DETAILED ACTION
Notice of Pre-AIA or AIA Status
The present application, filed on or after March 16, 2013, is being examined under the first inventor to file provisions of the AIA .
Summary
This is the response to the Response to Election/Restriction filed on 06/07/2026.
Claims 1-20 remain pending in the application with claims 12-20 are withdrawn from consideration in light of the Applicants’ election of claims 1-11 for examination.
Election/Restrictions
Applicant’s election without traverse of Invention I, claims 1-11, in the reply filed on 06/07/2026 is acknowledged.
Priority
Receipt is acknowledged of certified copies of papers required by 37 CFR 1.55.

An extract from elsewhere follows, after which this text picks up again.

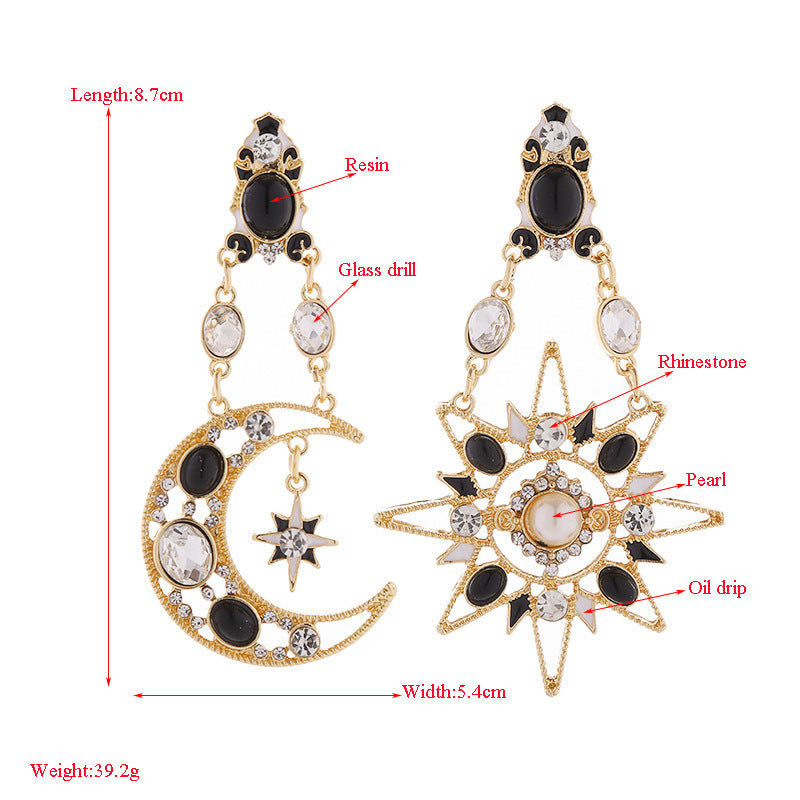 Retro Exaggerated Earrings For Women Rhinestone Pearl Moon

Claim Rejections - 35 USC § 103
The following is a quotation of 35 U.S.C. 103 which forms the basis for all obviousness rejections set forth in this Office action:
A patent for a claimed invention may not be obtained, notwithstanding that the claimed invention is not identically disclosed as set forth in section 102, if the differences between the claimed invention and the prior art are such that the claimed invention as a whole would have been obvious before the effective filing date of the claimed invention to a person having ordinary skill in the art to which the claimed invention pertains. Patentability shall not be negated by the manner in which the invention was made.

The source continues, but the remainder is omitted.